*** Opening of EXERCISE INPUTS ***

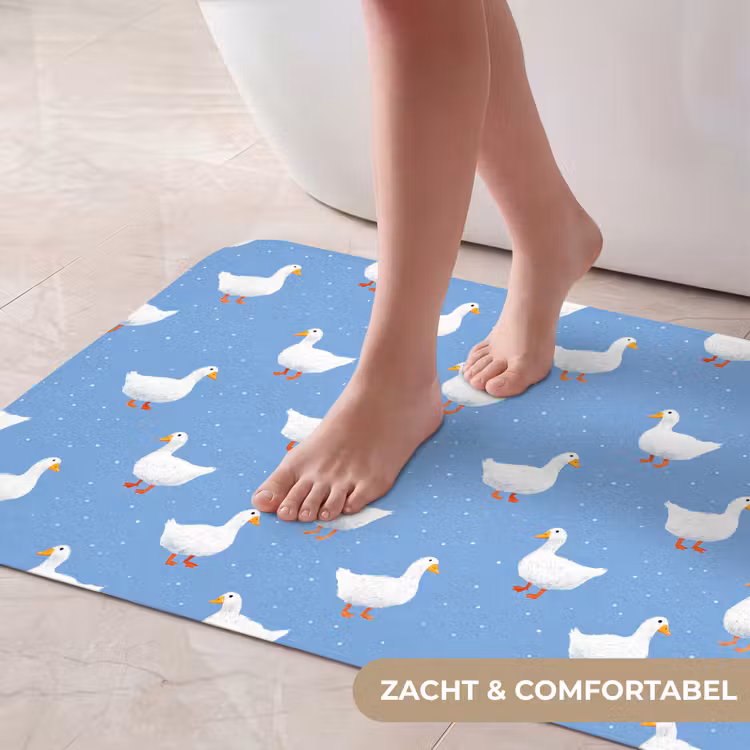 Badmat - Ganzen - Elegant - Blauw — 5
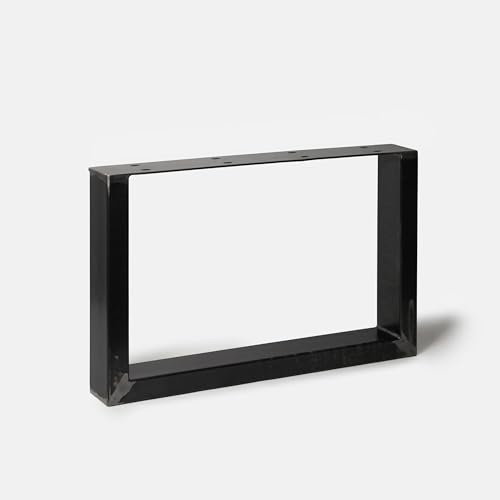 1 Paar (2 Stück) BestLoft Kufen – Tischkufen im Industriedesign aus Rohstahl (100x72cm, Transparent Pulverbeschichtet)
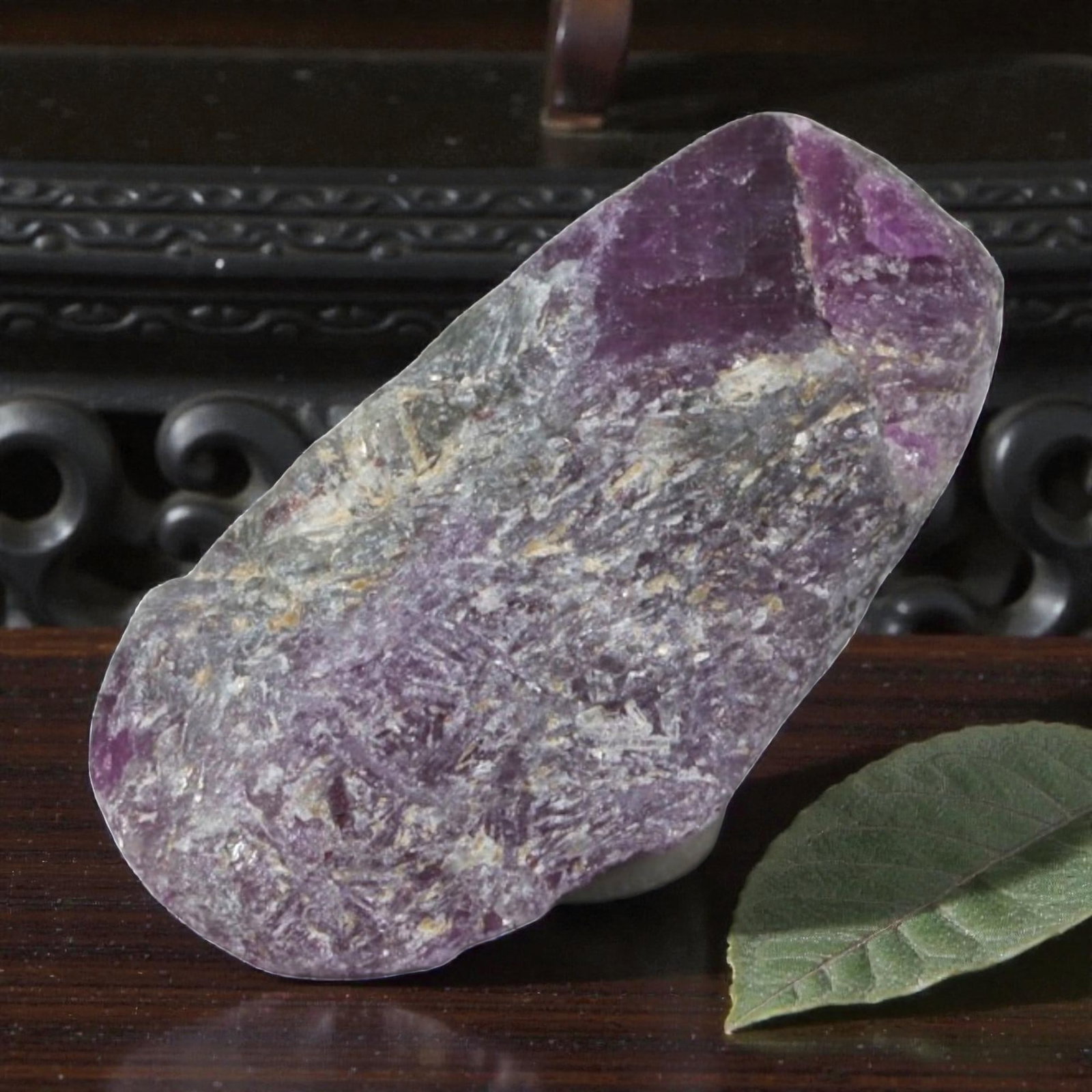 19.31ct Natural Mauritania Ruby Rough (Unheated), 52AM: This unheated Mauritania ruby rough is a striking natural crystal specimen, featuring a rich, saturated magenta hue with subtle purple undertones that deepen toward the core. The rough's rugged, natur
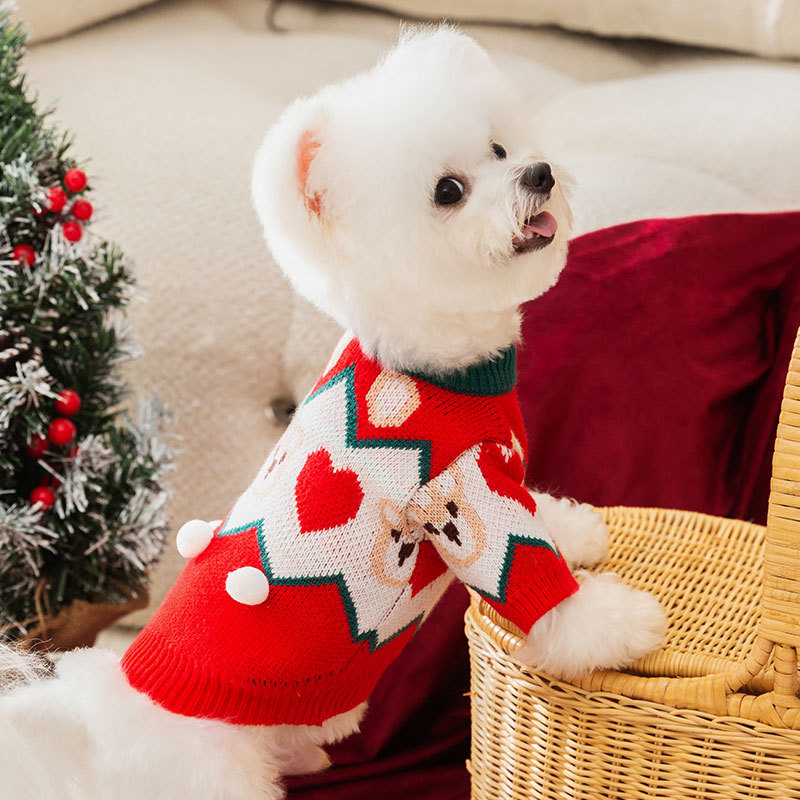 Autumn and winter dog clothes, New Year's Christmas teddy bear pullover sweater, New Year pullover sweater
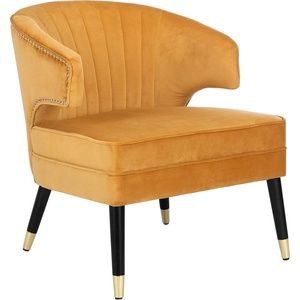 image:imageSafavieh Home Stazia Retro Glam Marigold Velvet and Black Wingback Accent ChairMarigold  Black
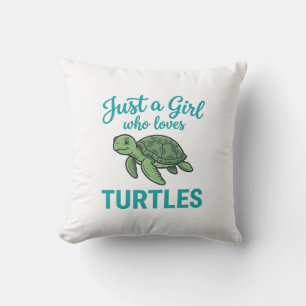 Just a Girl Who Loves Turtles Vintage Engraving Te Cushion
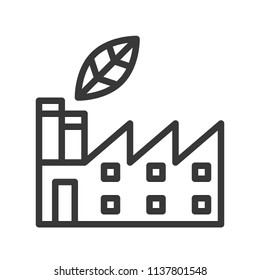 leaf and factory, Flat icon of clean energy and save environmental concept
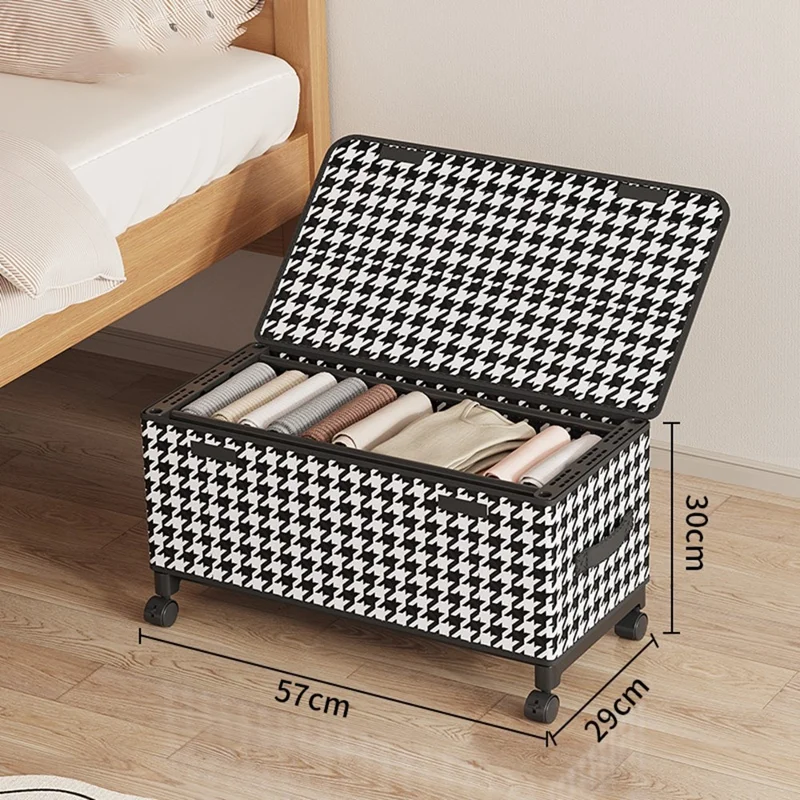 Unterbett-Aufbewahrungsbox mit Rollen, 57 cm lang, staubdicht, faltbarer Kleidungsorganizer Behälter – Houndstooth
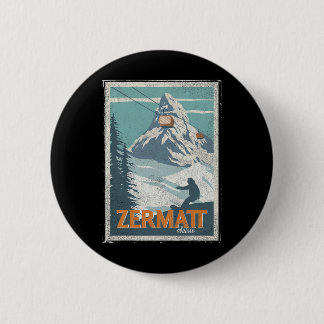 Zermatt Switzerland Winter Skiing Snowboarding Ski 6 Cm Round Badge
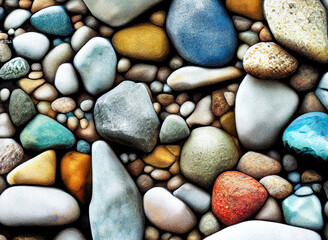 Small stone texture for background. abstract background with round pebble stones. stone wall...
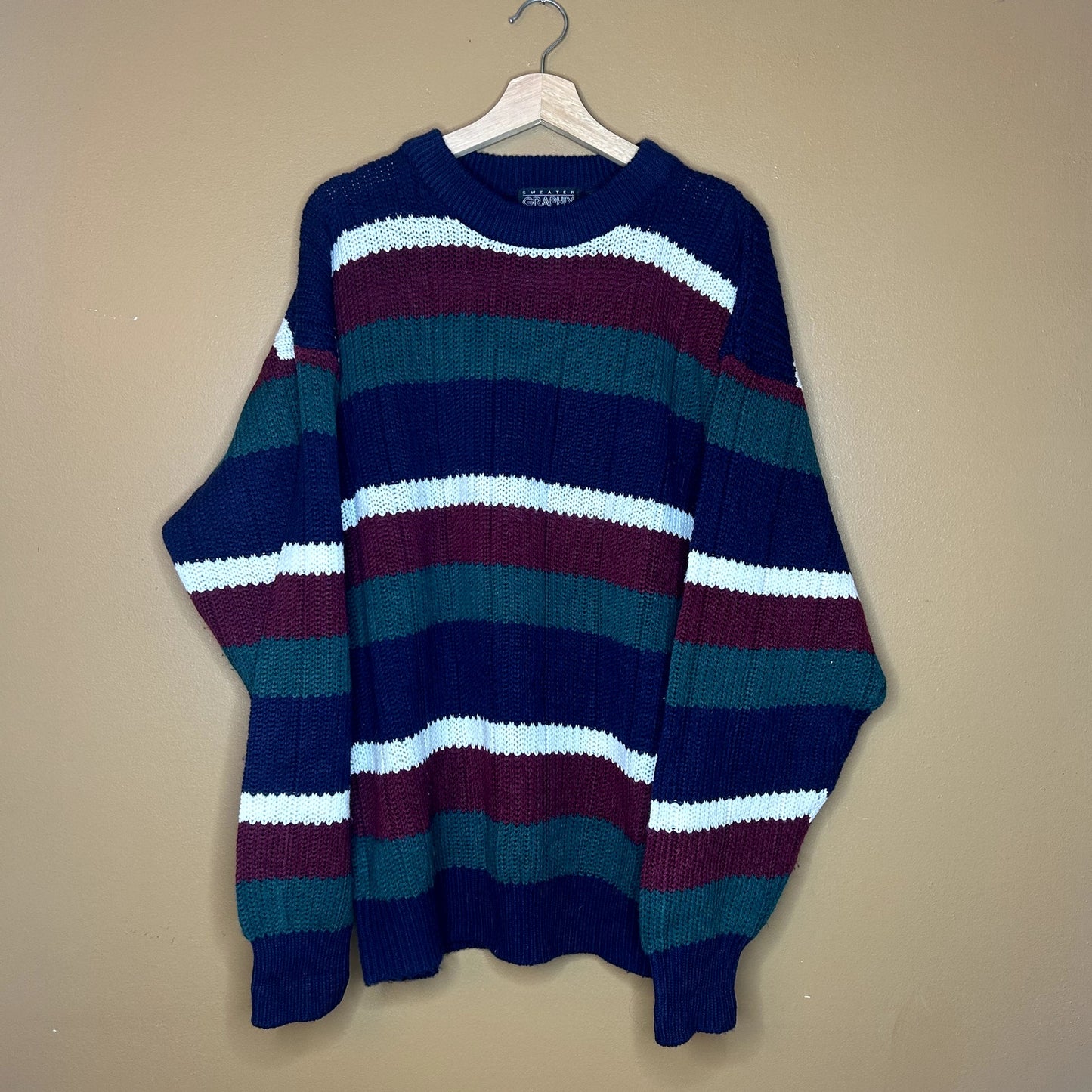 Vintage 90s Sweater Graphic Acrylic Sweater XXL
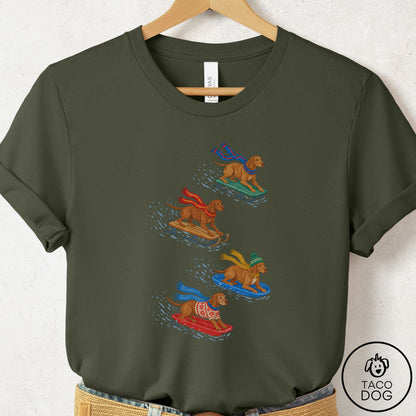 Vizsla Sledding T-Shirt Military Green Taco-Dog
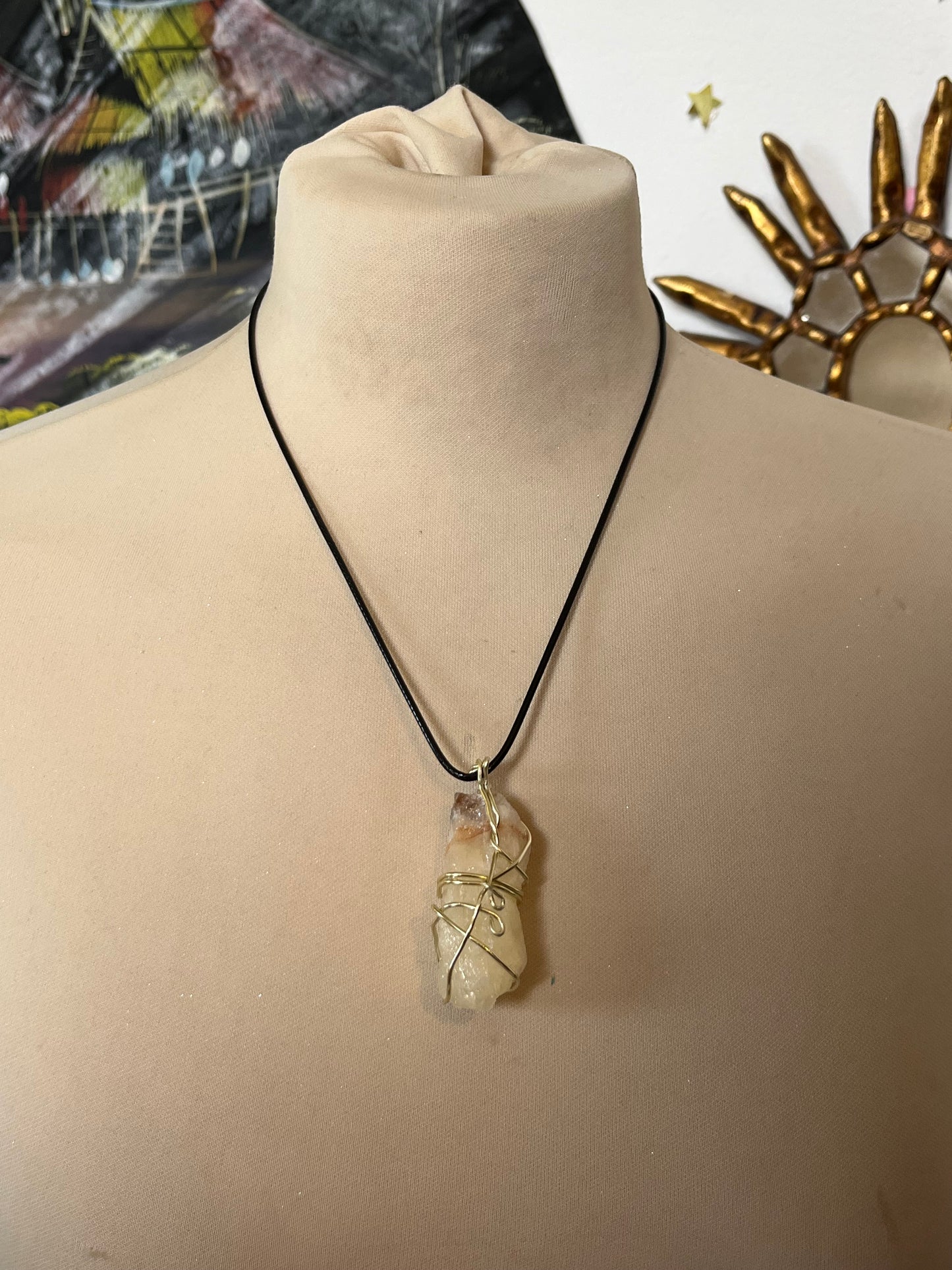 simple wire necklace real stone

*** Close of EXERCISE INPUTS ***

### EXERCISE:
Pictures are to be omitted from the copy, and only the lines from the one containing "Unterbett-Aufbewahrungsbox mit Rollen, 57" through the final line of the listing above are to be written out exactly.

### OUTPUT FOR THIS EXERCISE:
 Unterbett-Aufbewahrungsbox mit Rollen, 57 cm lang, staubdicht, faltbarer Kleidungsorganizer Behälter – Houndstooth
 Zermatt Switzerland Winter Skiing Snowboarding Ski 6 Cm Round Badge
 Small stone texture for background. abstract background with round pebble stones. stone wall...
 Vintage 90s Sweater Graphic Acrylic Sweater XXL
 Vizsla Sledding T-Shirt Military Green Taco-Dog
 simple wire necklace real stone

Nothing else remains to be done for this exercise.